Start of PROVIDED INFORMATION

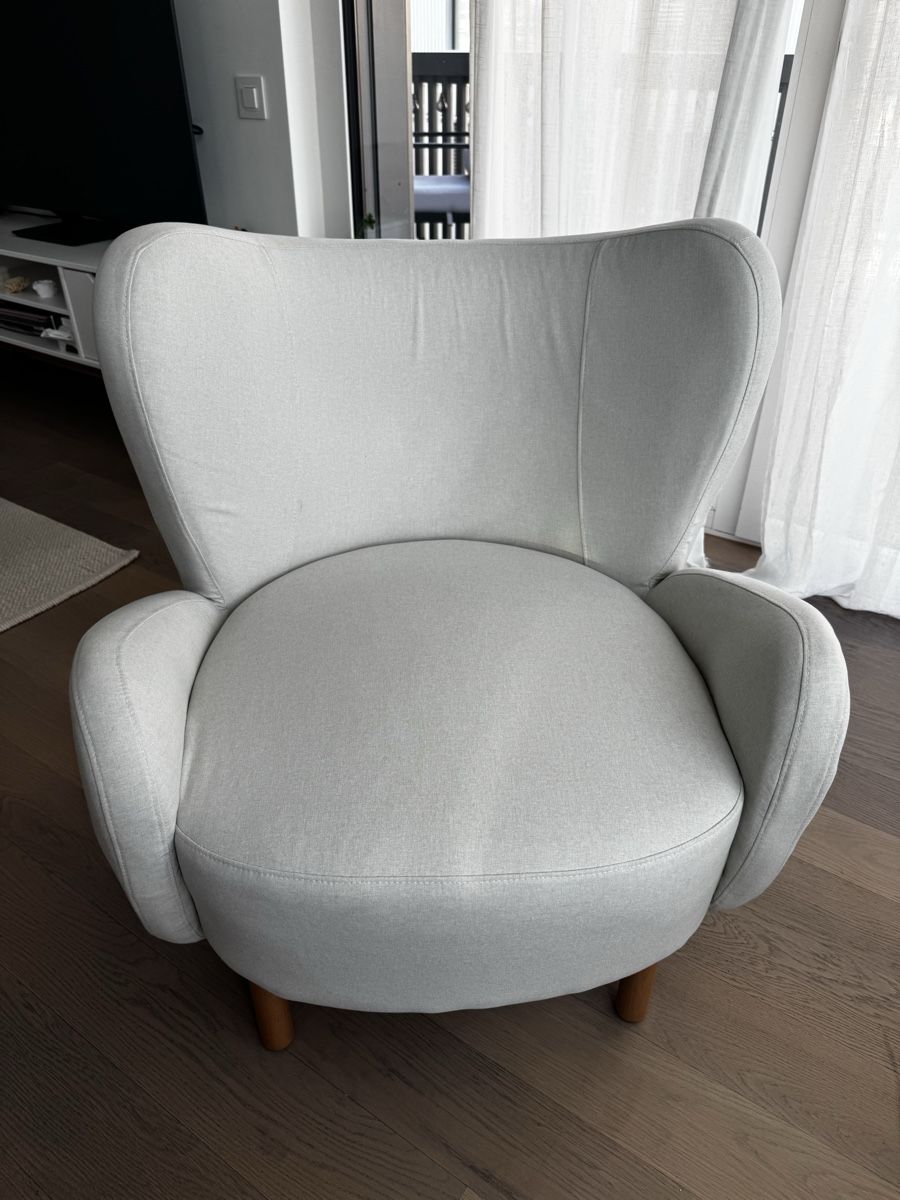 Westwing Poltrone: Westwing Ohrensessel – Usato da Rotkreuz venduto da bulea 1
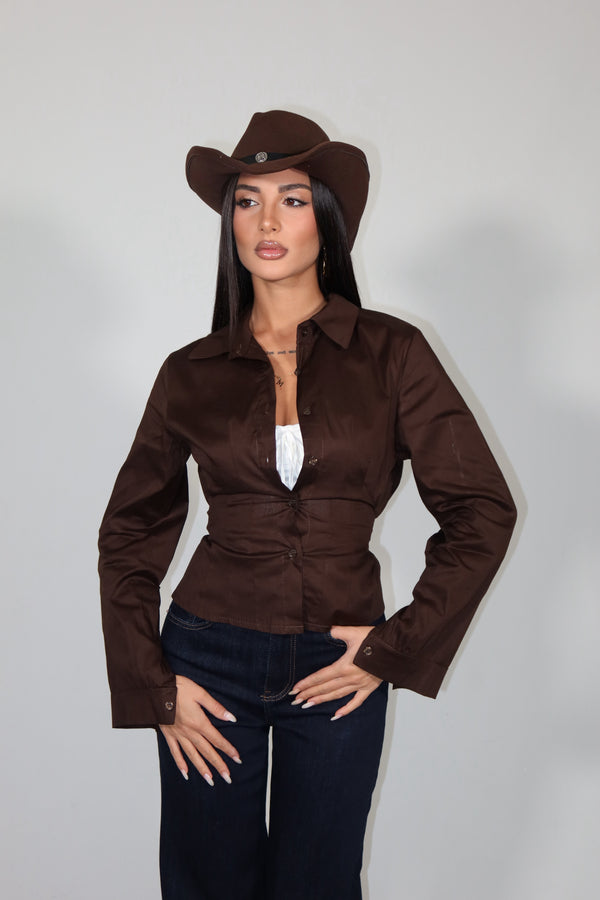 Camicia Say 4343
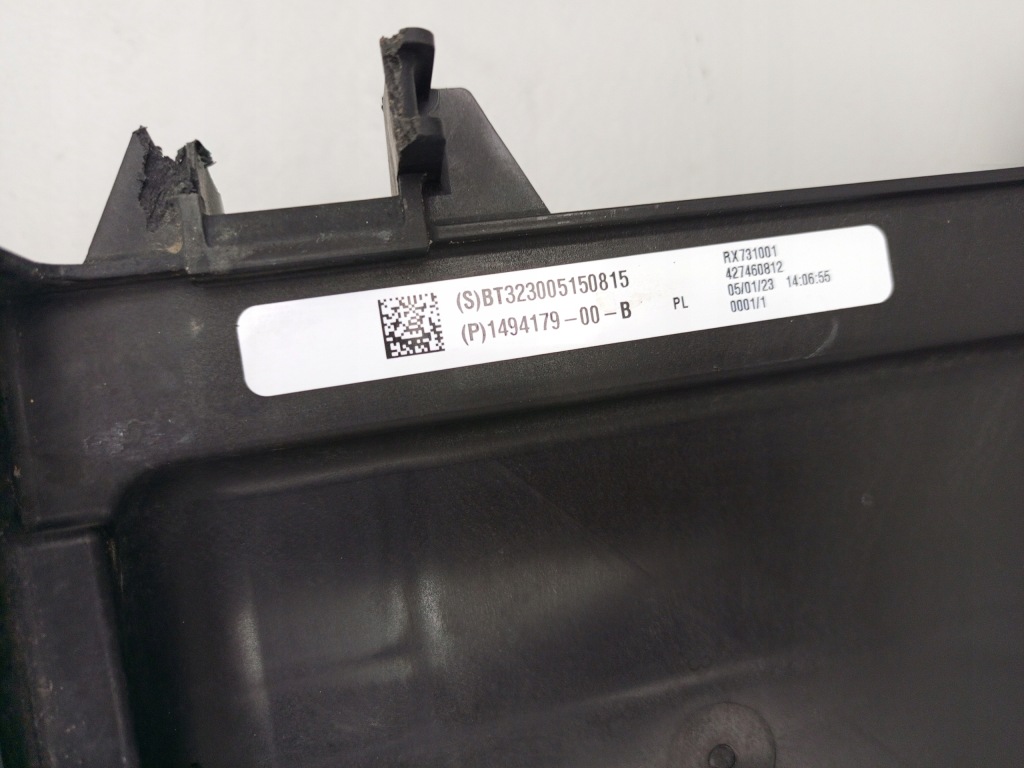 Tesla y 3 рестайлінг  2022- вентилятора радіатора 1494179-00-b = Оригінал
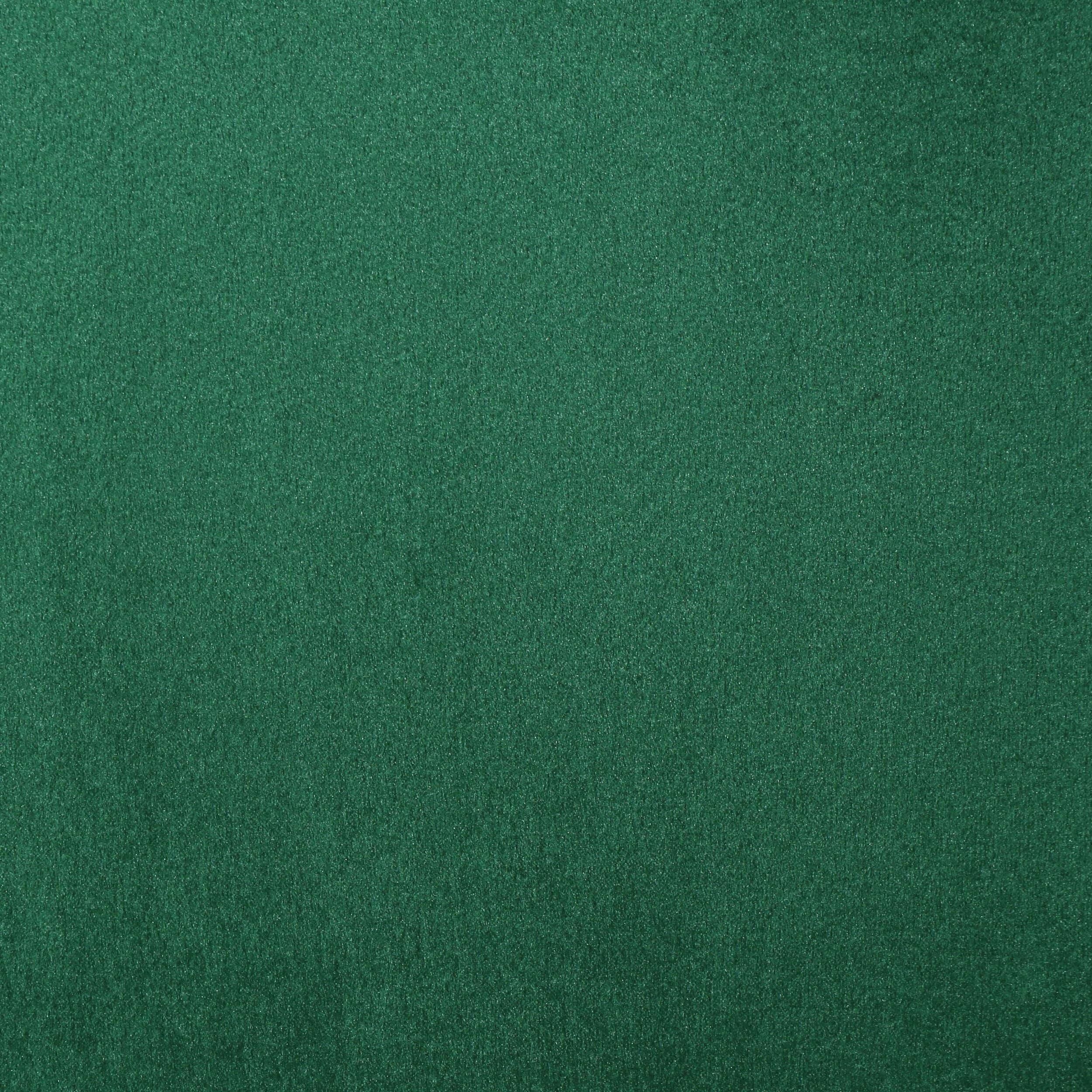 Canapé à oreilles hautes capitonné en velours émeraude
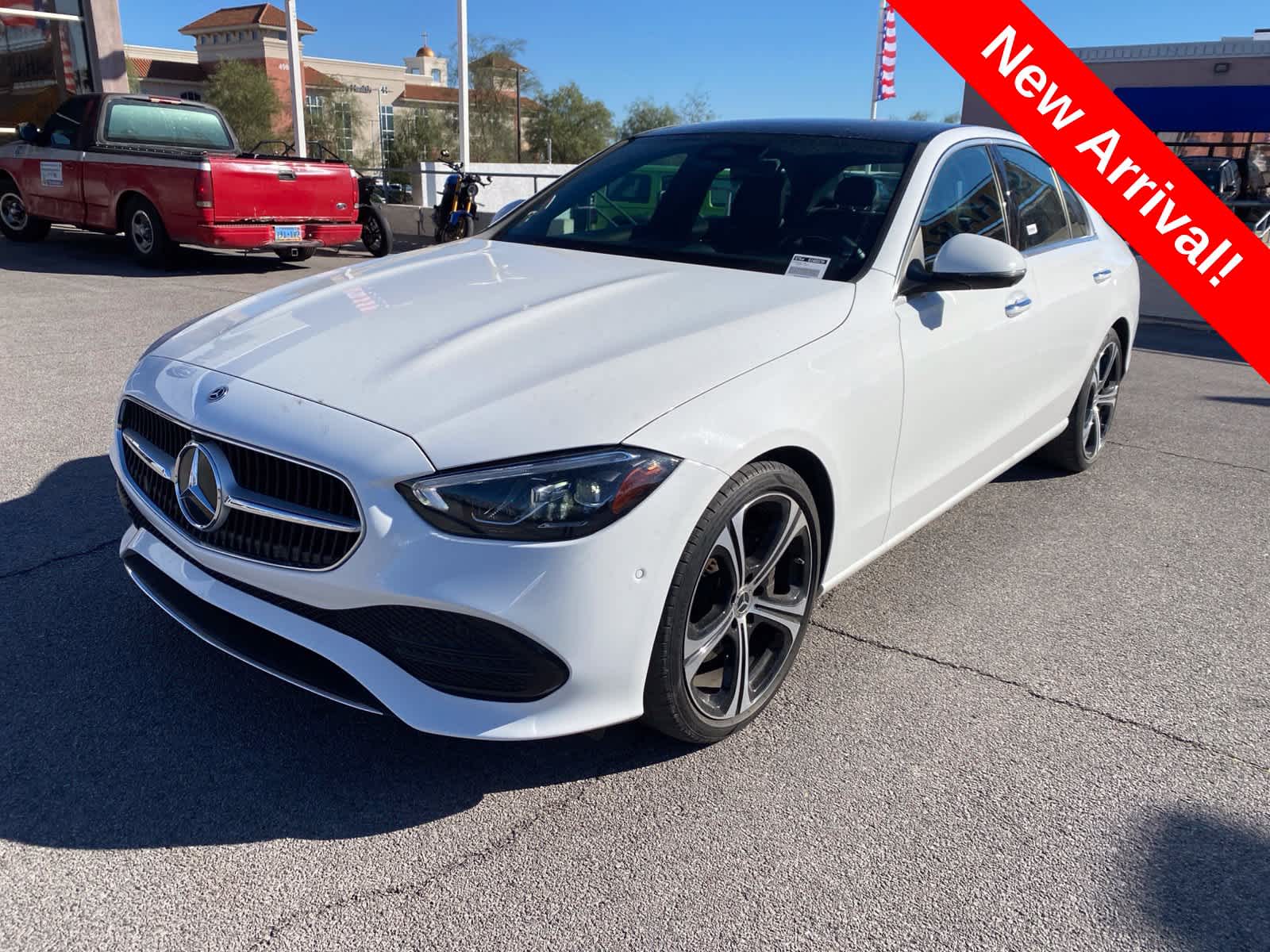 2023 Mercedes-Benz C-Class Sedan C 300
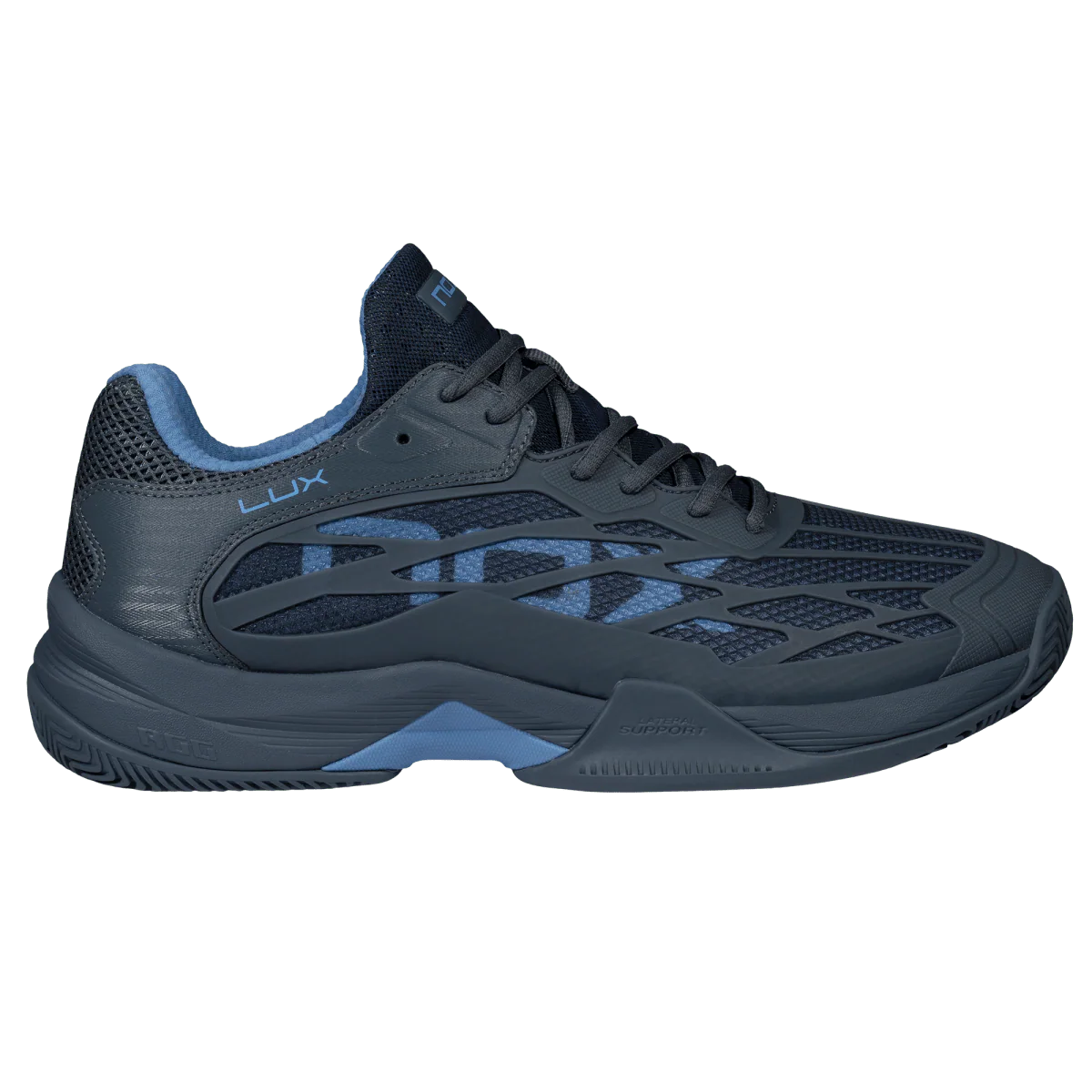 NOX AT10 LUX DARK SLATE/ALLURE SHOES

End of PROVIDED INFORMATION

ABOUT THIS EXERCISE - Set down the entries word for word, omitting all pictures.

RESPONSE TO THE TASK -
 Westwing Poltrone: Westwing Ohrensessel – Usato da Rotkreuz venduto da bulea 1
 Camicia Say 4343
 Tesla y 3 рестайлінг  2022- вентилятора радіатора 1494179-00-b = Оригінал
 Canapé à oreilles hautes capitonné en velours émeraude
 2023 Mercedes-Benz C-Class Sedan C 300
 NOX AT10 LUX DARK SLATE/ALLURE SHOES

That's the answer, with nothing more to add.